====== Source information

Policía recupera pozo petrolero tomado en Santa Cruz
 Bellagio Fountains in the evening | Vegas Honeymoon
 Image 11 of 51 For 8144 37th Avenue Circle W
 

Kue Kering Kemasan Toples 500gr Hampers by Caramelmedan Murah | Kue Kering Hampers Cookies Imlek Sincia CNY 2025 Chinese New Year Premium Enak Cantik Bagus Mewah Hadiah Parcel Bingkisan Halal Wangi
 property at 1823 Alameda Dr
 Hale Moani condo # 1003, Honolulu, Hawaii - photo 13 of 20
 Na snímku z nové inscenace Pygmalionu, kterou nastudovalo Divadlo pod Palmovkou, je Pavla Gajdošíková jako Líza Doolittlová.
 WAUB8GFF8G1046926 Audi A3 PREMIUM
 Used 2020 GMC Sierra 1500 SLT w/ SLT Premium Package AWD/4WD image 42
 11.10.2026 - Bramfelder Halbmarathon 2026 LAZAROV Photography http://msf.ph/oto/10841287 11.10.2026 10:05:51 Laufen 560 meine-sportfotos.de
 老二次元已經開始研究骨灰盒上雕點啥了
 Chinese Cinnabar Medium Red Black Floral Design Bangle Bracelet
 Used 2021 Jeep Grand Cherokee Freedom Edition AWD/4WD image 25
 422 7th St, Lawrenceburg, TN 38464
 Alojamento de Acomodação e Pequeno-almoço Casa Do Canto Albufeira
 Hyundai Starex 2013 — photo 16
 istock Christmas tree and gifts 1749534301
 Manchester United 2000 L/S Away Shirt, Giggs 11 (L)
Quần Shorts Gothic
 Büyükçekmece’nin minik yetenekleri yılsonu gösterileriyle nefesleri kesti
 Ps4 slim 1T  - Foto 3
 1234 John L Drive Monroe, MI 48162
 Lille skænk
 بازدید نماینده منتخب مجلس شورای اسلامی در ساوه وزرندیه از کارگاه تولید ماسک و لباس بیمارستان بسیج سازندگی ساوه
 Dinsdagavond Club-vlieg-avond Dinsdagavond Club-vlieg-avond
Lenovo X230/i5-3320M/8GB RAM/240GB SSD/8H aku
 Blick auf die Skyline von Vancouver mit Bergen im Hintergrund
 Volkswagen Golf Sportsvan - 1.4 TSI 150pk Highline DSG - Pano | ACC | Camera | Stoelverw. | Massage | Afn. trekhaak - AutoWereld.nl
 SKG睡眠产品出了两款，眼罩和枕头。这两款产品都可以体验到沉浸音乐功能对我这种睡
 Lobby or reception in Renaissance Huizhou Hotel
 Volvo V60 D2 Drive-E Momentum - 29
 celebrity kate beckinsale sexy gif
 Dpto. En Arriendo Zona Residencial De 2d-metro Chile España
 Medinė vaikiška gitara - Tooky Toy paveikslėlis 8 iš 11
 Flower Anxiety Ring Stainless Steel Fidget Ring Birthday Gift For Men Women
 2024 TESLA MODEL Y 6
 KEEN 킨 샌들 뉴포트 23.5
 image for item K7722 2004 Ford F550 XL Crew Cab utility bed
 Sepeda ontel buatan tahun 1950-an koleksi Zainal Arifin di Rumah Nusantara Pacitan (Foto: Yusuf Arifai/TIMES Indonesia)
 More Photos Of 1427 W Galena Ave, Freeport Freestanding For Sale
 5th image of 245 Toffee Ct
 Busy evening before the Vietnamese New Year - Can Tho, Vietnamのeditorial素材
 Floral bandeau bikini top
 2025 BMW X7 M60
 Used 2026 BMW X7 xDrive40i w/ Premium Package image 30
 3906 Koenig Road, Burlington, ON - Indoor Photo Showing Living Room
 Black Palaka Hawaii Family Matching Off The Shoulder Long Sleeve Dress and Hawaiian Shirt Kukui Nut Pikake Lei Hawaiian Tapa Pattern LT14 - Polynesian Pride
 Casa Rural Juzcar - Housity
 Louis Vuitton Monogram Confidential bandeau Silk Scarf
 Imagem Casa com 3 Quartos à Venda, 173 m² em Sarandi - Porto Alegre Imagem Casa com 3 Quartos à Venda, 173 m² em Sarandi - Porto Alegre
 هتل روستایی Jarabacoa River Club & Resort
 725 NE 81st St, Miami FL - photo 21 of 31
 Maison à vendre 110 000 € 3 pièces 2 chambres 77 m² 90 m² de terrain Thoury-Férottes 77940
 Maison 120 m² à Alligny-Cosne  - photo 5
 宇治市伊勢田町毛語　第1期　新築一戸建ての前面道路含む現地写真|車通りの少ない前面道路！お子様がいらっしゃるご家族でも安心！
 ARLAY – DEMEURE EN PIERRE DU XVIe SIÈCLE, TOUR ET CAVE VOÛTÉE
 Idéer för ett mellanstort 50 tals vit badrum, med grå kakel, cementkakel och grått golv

============

What the exercise asks -> If a line above holds the word "Chinese", count it; then say how many such lines there are and nothing else.

Answer for the task -> 2